DATA FOR THIS EXERCISE section start

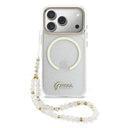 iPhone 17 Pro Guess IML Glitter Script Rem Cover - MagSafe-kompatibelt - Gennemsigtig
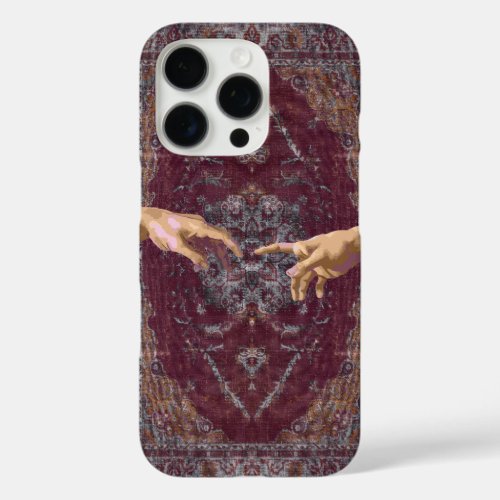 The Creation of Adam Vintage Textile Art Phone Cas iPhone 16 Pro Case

DATA FOR THIS EXERCISE section end
DATA FOR THIS EXERCISE section start

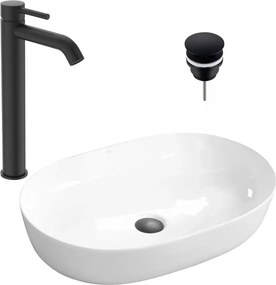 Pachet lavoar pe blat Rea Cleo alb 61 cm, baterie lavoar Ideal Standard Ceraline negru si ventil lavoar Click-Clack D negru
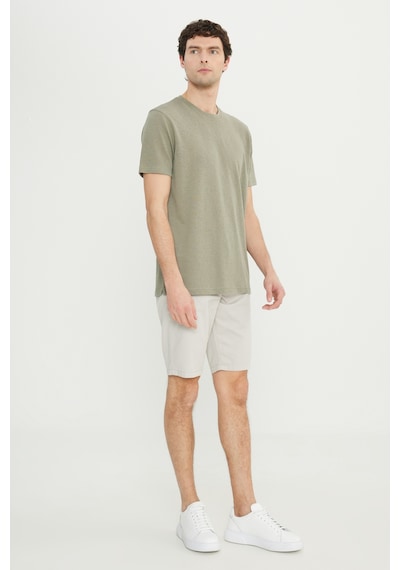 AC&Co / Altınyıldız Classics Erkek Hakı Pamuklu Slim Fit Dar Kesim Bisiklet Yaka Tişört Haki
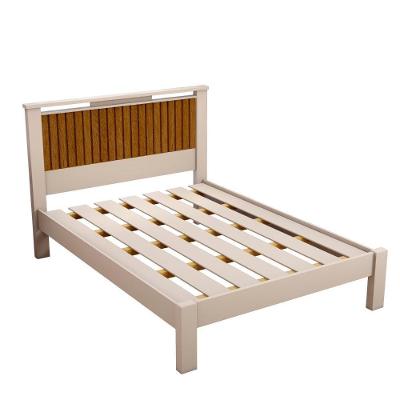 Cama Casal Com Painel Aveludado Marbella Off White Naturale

DATA FOR THIS EXERCISE section end
DATA FOR THIS EXERCISE section start

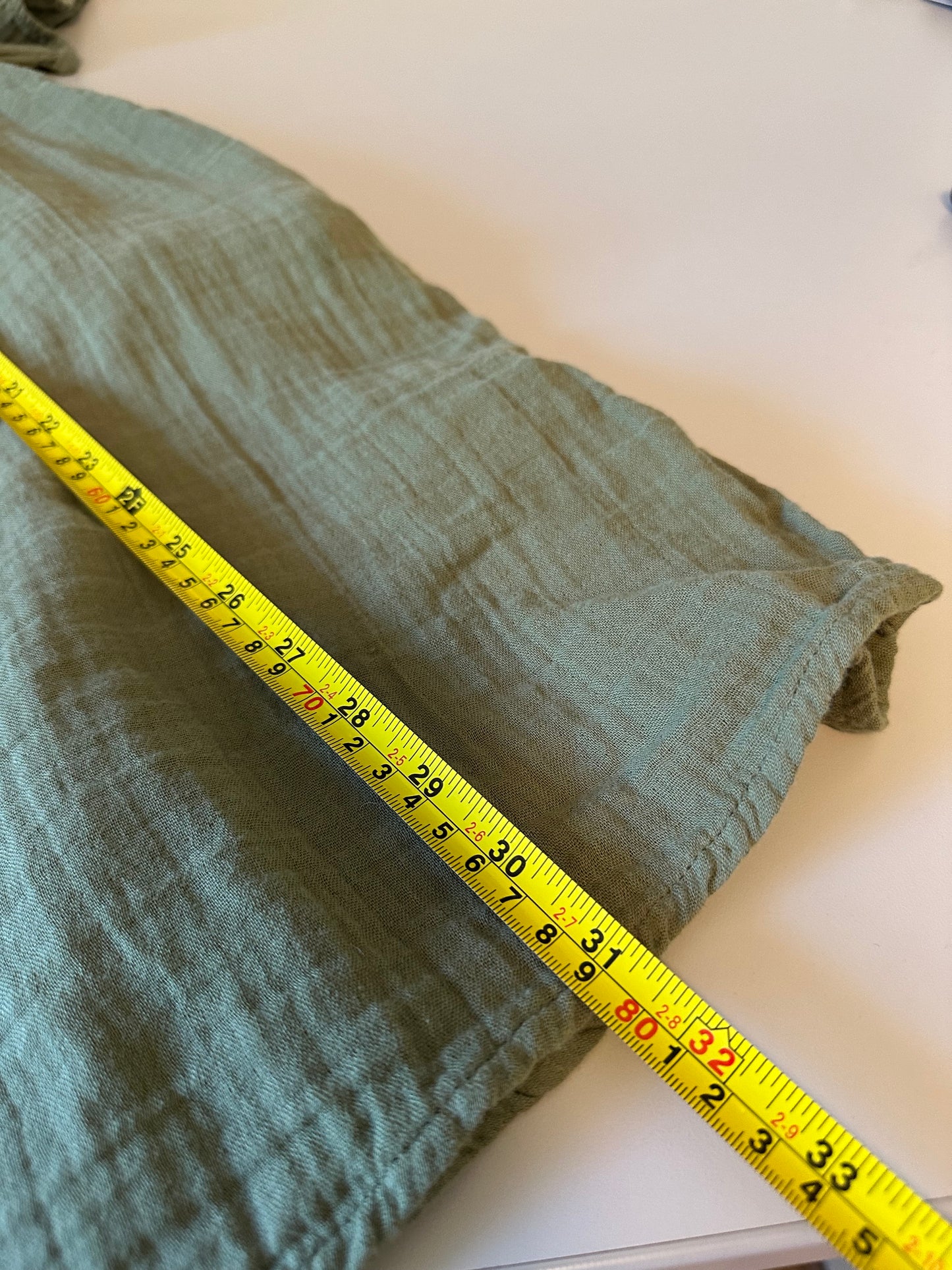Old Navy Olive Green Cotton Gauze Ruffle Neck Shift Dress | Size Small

DATA FOR THIS EXERCISE section end

#### ASSIGNMENT
Everything above from the line with "iPhone 17 Pro" through the line with "The Creation of" should be retyped exactly, and nothing else; omit pictures.

#### SOLVED EXERCISE
 iPhone 17 Pro Guess IML Glitter Script Rem Cover - MagSafe-kompatibelt - Gennemsigtig
 The Creation of Adam Vintage Textile Art Phone Cas iPhone 16 Pro Case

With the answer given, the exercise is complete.